I "nuovi" vizi, ci spiega Umberto Galimberti nel suo "I vizi capitali e i nuovi vizi" sono "cattive abitudini" emergenti, che si differenziano dai così detti vizi "capitali" per tre ragioni. Innanzitutto essi sono strettamente legati alla modernità : una volta o non esistevano o non erano di dimensioni tali da costituire un tratto evidente del nostro modo di vivere

Non si configurano perciò come passioni "universali", indipendenti dalla storia ma si ancorano saldamente al tempo presente. Secondariamente i vizi tipici della contemporaneità non segnalano, come i vizi capitali, una "deviazione" morale o una "caratteristica" della personalità, bensì il suo progressivo dissolvimento: il soggetto, senza neppure accorgersene, in essi perde spessore e consistenza.

Si tratta allora in terzo luogo di "tendenze collettive" anziché individuali, a cui la singolarità non riesce ad opporre un'efficace resistenza individuale, pena l'esclusione sociale. 

Perché dunque parlarne? Galimberti, conscio dell'inaggirabilità dell'impatto sulla vita di ciascuno di noi, svela la sua fede nella possibilità di consapevolezza critica, che può, se non neutralizzare, almeno limitare l'incidenza livellatrice di certe tendenze omologanti. Egli individua sostanzialmente sette nuovi vizi: consumismo, conformismo, spudoratezza, sessomania, sociopatia, diniego e vuoto. 

Vediamoli brevemente.

Consumismo 

Se da sempre le cose si consumano e diventano inutilizzabili, nel ciclo produzione - consumo in cui siamo immersi  esse sono a priori pensate in vista di una loro rapida inutilizzabilità e dunque di una loro veloce sostituzione. La precarietà del mondo e delle sue rappresentazioni viene così esasperata, con inevitabili ricadute sulla psiche degli esseri umani. 

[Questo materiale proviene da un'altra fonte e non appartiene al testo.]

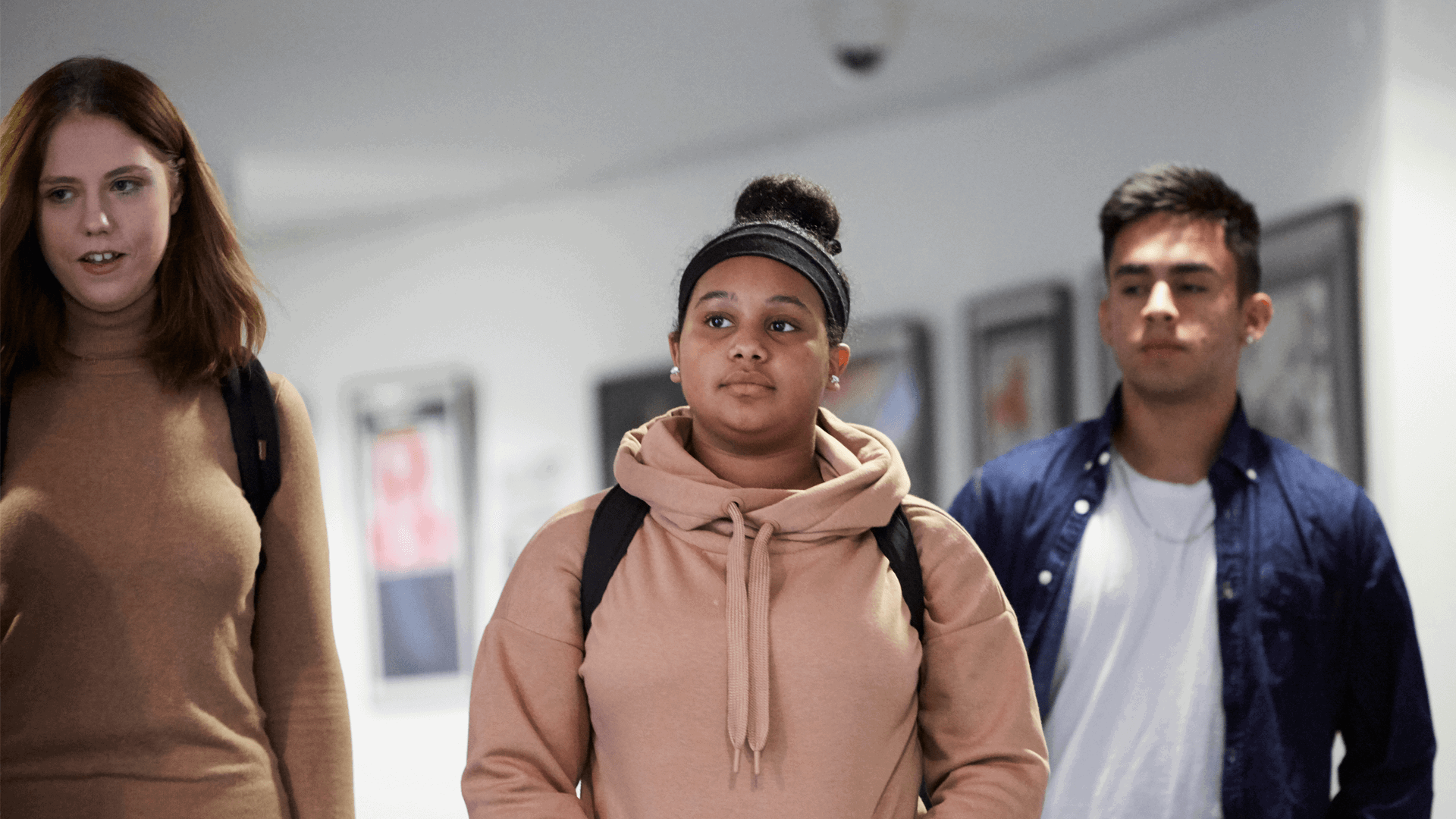 Three students walking down a school corridor.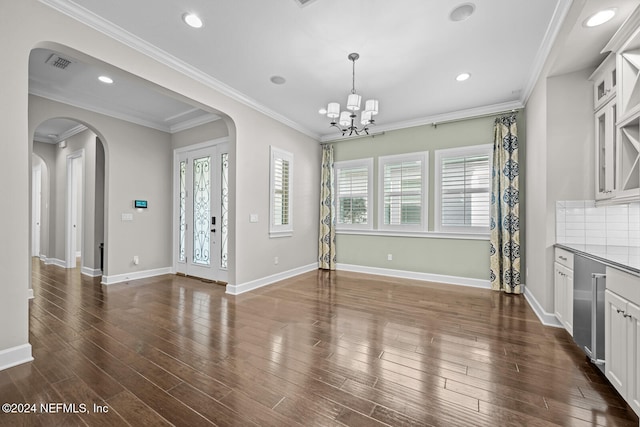 unfurnished dining area featuring dark hardwood / wood-style flooring, french doors, crown molding, and an inviting chandelier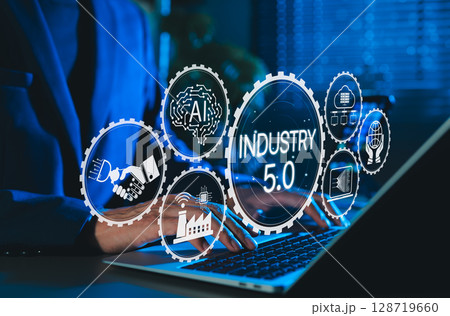 Industry 5.0 Concept. Person using laptop with Industry 5.0, AI icons, smart factory, connectivity, advanced technology integration, human machine collaboration, and future of industrial innovation. 128719660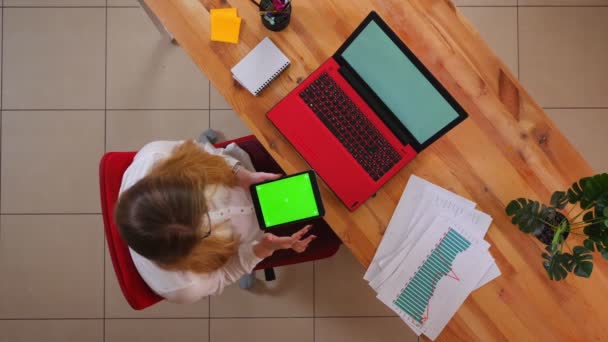 Primer plano brote superior de la joven mujer de negocios caucásica utilizando la tableta con pantalla verde sentado delante de la computadora portátil en el interior de la oficina — Vídeos de Stock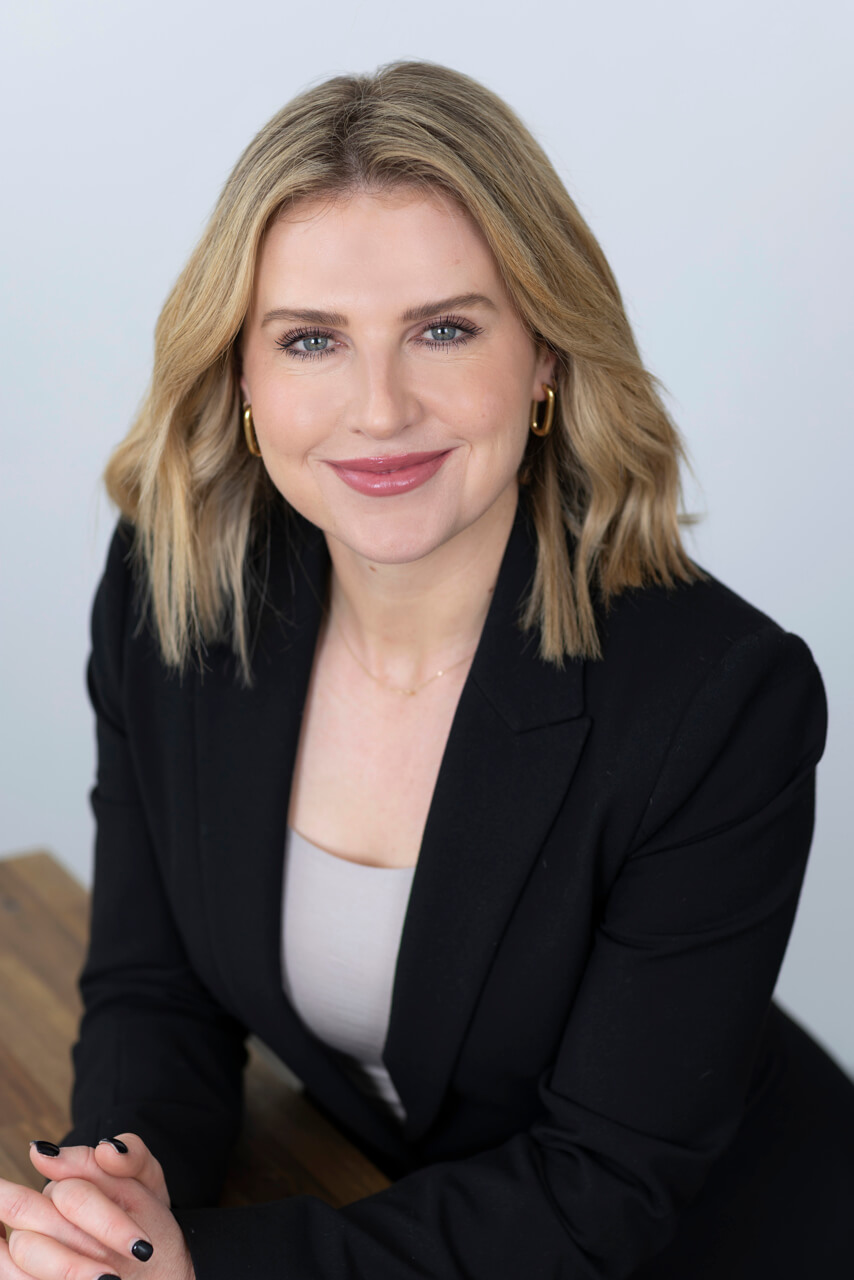 Studio headshot of a Melbourne professional with soft, flattering lighting. Smiling Melbourne professional in a studio setting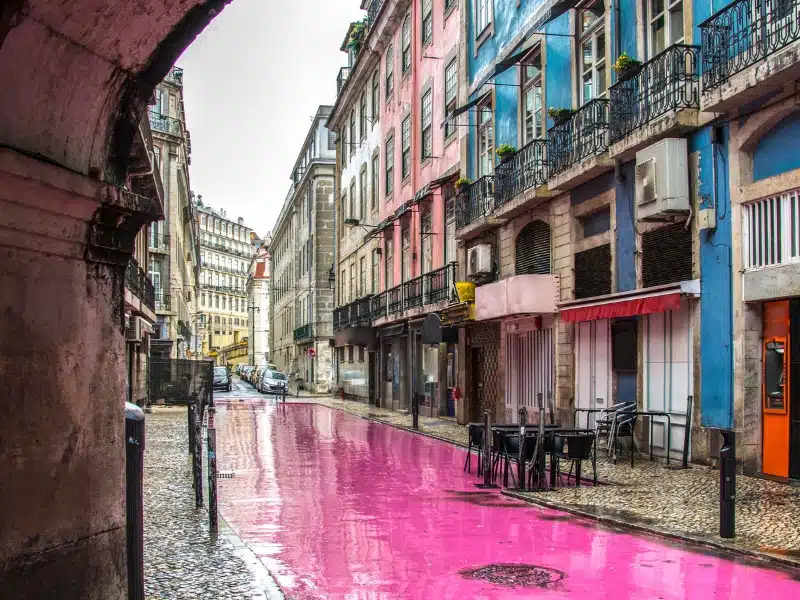 a pink street lined with colorful houses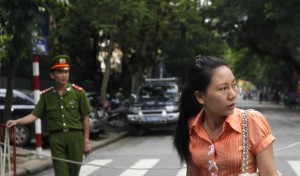 A plainclothes and a uniformed police officer stand in front of a court in Hanoi. Reuters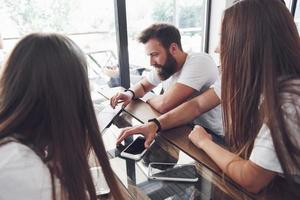 A group of young people with gadgets and a laptop arrange a brainstorm and communicate with each other. The concept of developing a young business photo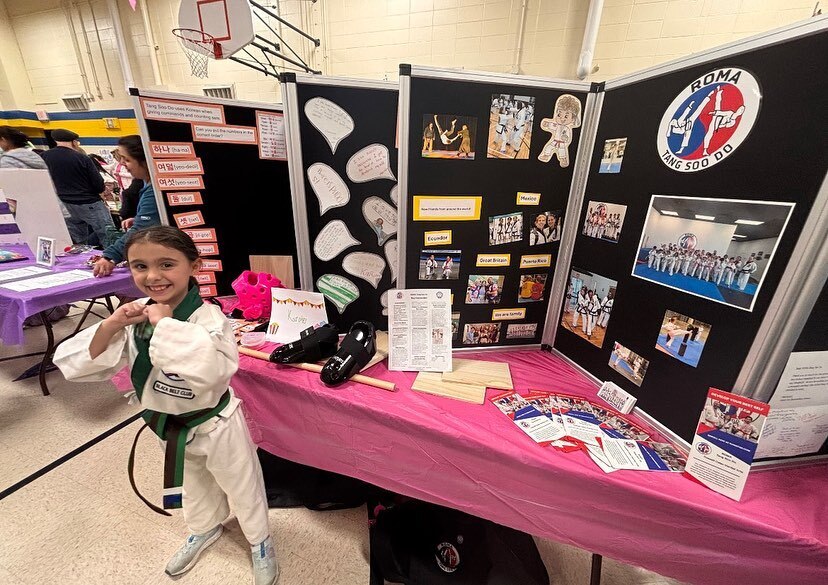 Student advertising her taekwondo booth
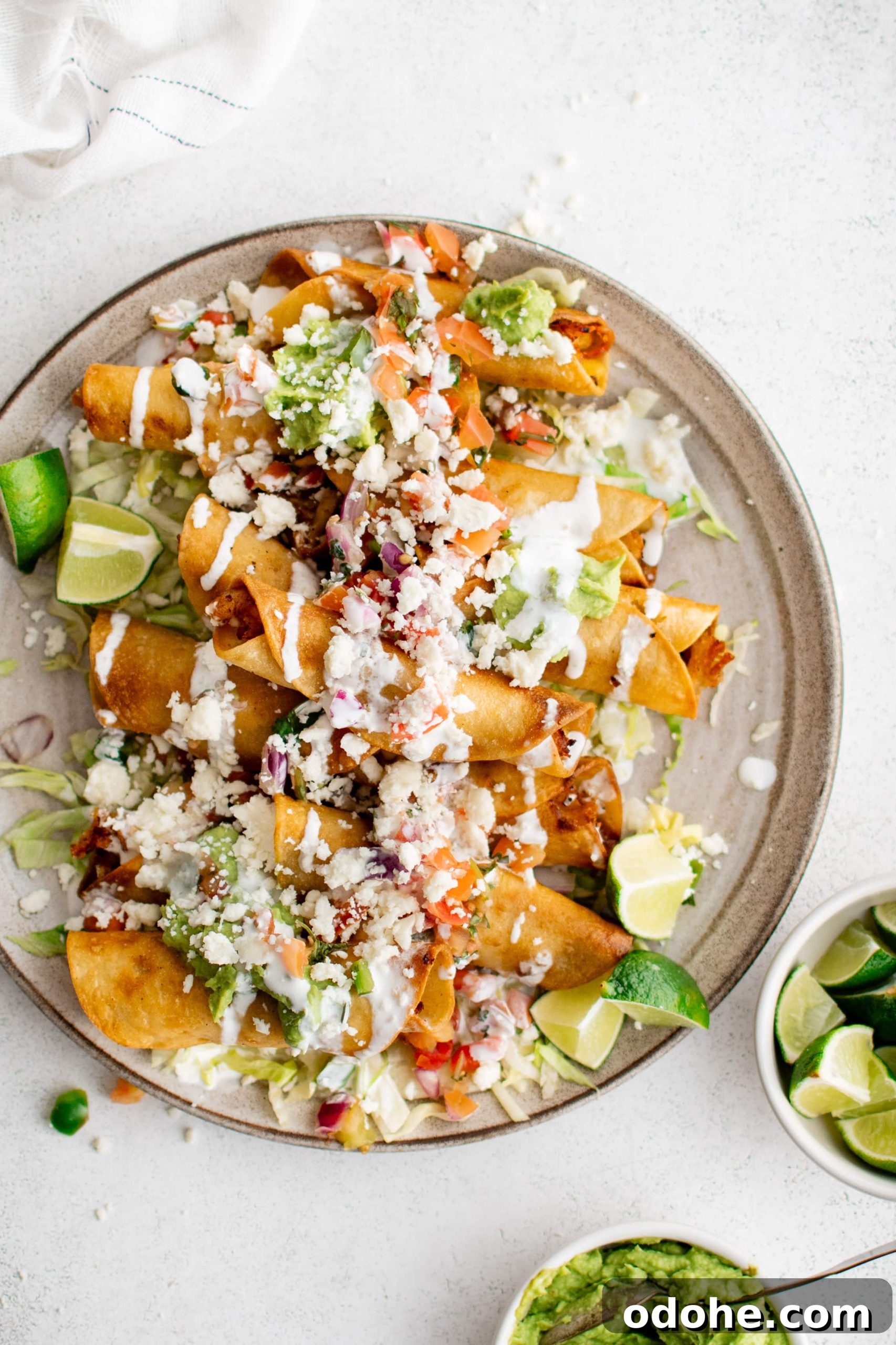 40+ Authentic Mexican Recipes for an Unforgettable Cinco de Mayo 28 Plate filled with deep-fried chicken and potato flautas with shredded iceberg lettuce, crumbled cotija cheese, tomatoes, lime wedges, and guacamole.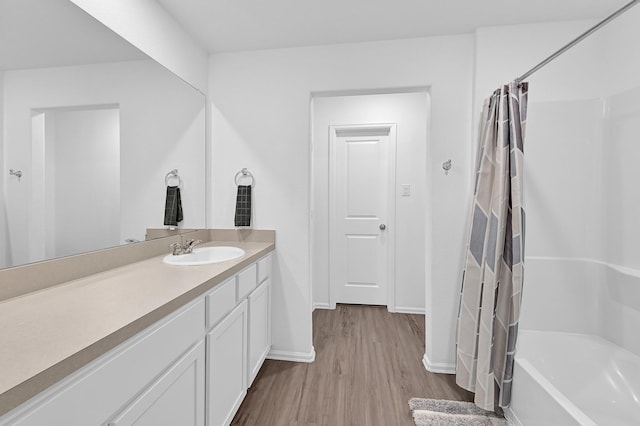 7826 Switchgrass Creek Dr, Katy, TX 77493 - bathroom with wood finished floors, baseboards, vanity, and shower / bath combo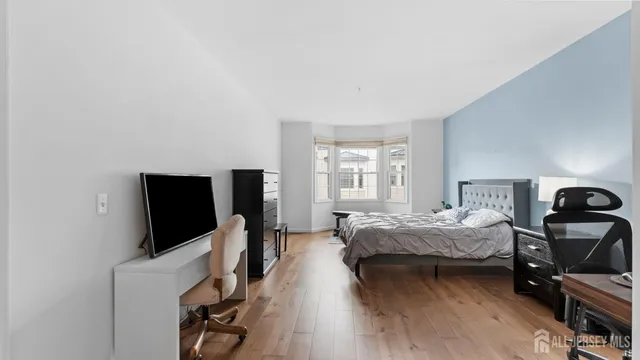 a bed room with bed and tv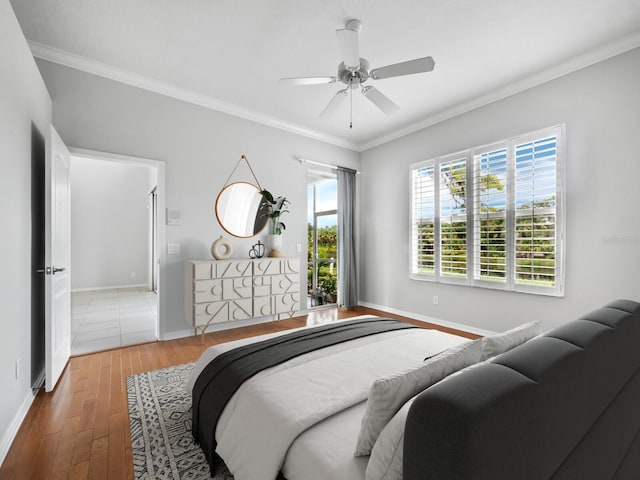 bedroom with hardwood / wood-style floors, ceiling fan, and ornamental molding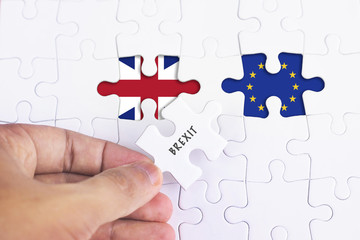 Business Concept - Female hand and missing puzzle with BREXIT word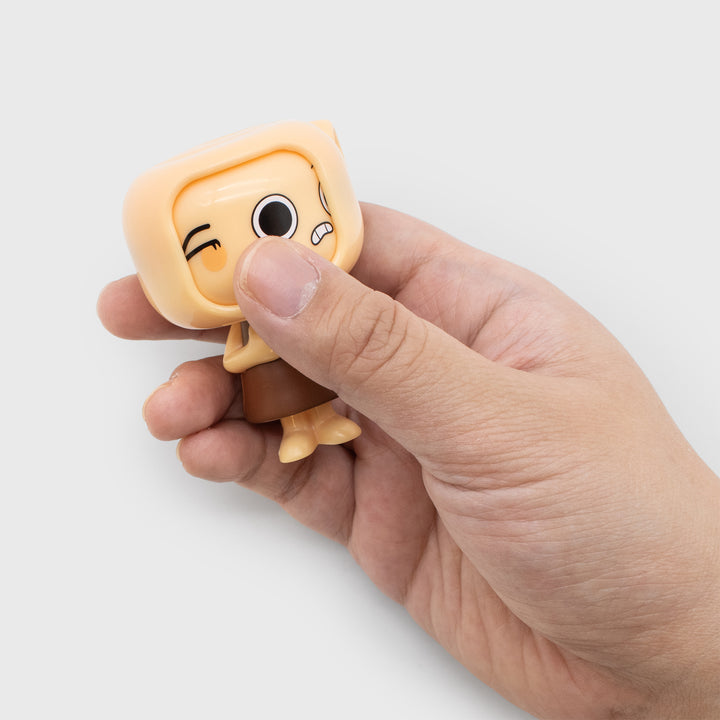 Hand holding a small figurine with a sad expression on a white background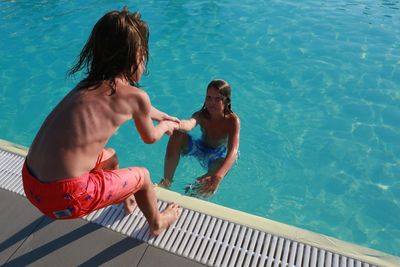Rear view of shirtless boy pulling friend from swimming pool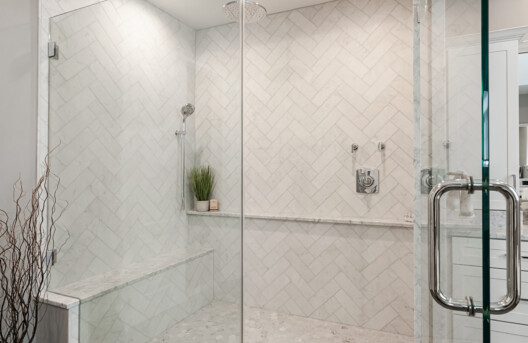 Primary Bathroom Remodel in Lower Gwynned Township, Ambler, PA. Features 4" x 12" Honed White Carrara Marble In The Shower With Full Back-Wall Shelf, Freestanding Tub, Dual Vanities with Marble Tops, Glass Shower Enclosure, and Custom White Cabinetry and Built-In Bench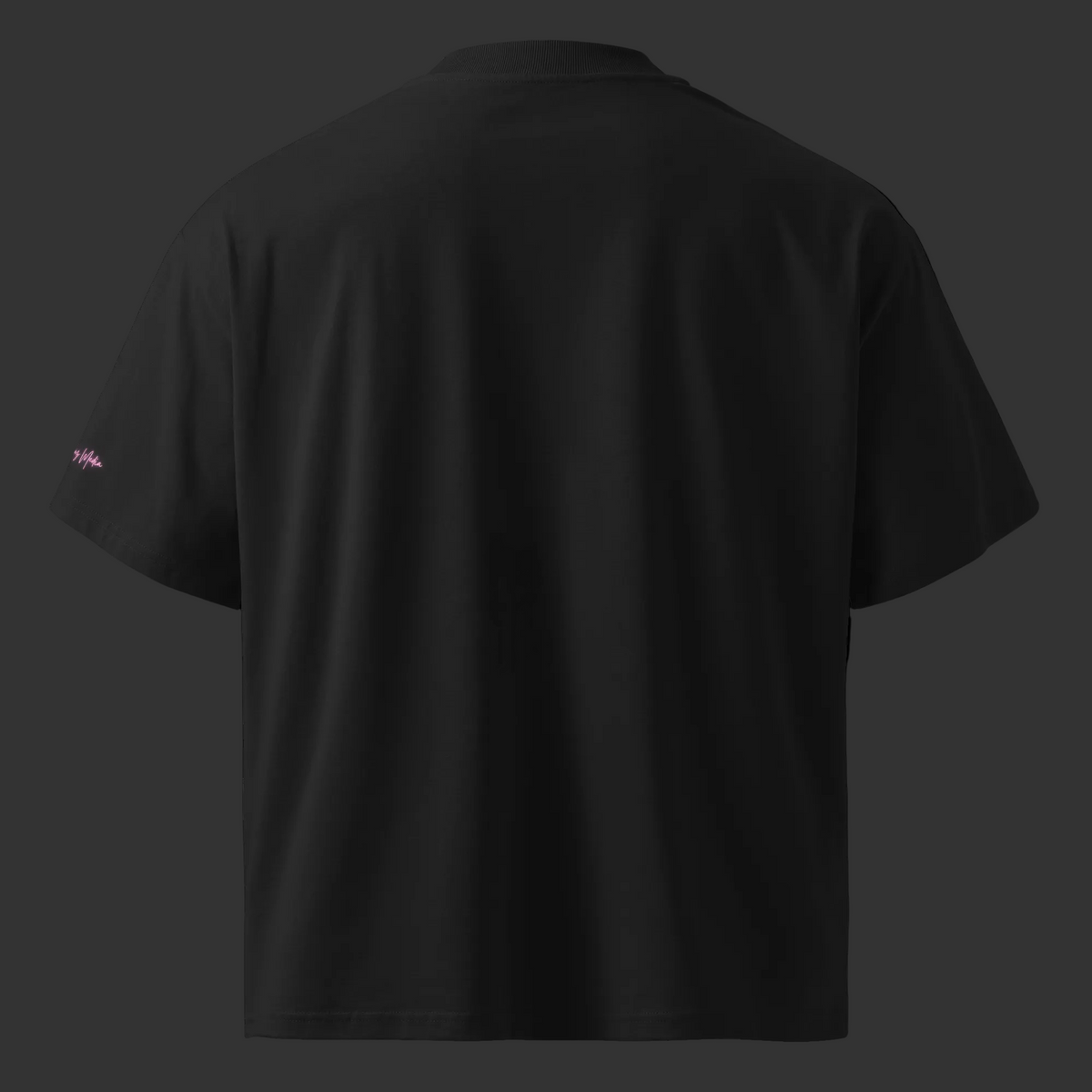 Back view of the black oversized organic tee with a plain finish and small pink Mandi Cruz Media sleeve signature.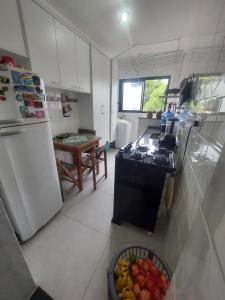 a kitchen with a refrigerator and a bowl of fruit at Apto Centro Bertioga (800 metros da praia) in Bertioga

Priva di un contesto sufficientemente durevole e rassicurante, l'identità diventa anch'essa  incerta e problematica. L'evanescenza dell'oggetto colpisce tutto: nulla è più stabile. Le identità possono essere indossate e scartate come abiti passati di moda. Le relazioni diventano "usa e getta", i lavori si trasformano in occupazioni a tempo determinato. La stessa interiorità si trasforma in merce da esibire, da pubblicizzare. Come l'apparenza splendente dell'oggetto ne occulta la fragile sostanza, così l'immagine dell'individuo ne inghiotte e adombra ogni spessore. La rappresentazione di sè esibita  tramite le vetrine dei socia network appare così una delle nuove forme in cui si declina tale svuotamento identitario. 

Conformismo

La nostra epoca chiede l'omologazione di tutti gli uomini come condizione della loro esistenza. Nella nostra società le azioni sono sostituite da azioni omologate, cioè non frutto della coscienza critica di chi le mette in atto ma della pura conformità ad una norma. In quasi tutti gli ambienti, di lavoro e non, viene premiata la coscienziosità nel fare le cose piuttosto che la coscienza alla base dell'agire. La cultura della conformità viene assorbita fin da ragazzini: già a scuola o in famiglia si insegna che il successo si consegue più facilmente se ci si adatta, rinunciando alla realizzazione autentica di sé.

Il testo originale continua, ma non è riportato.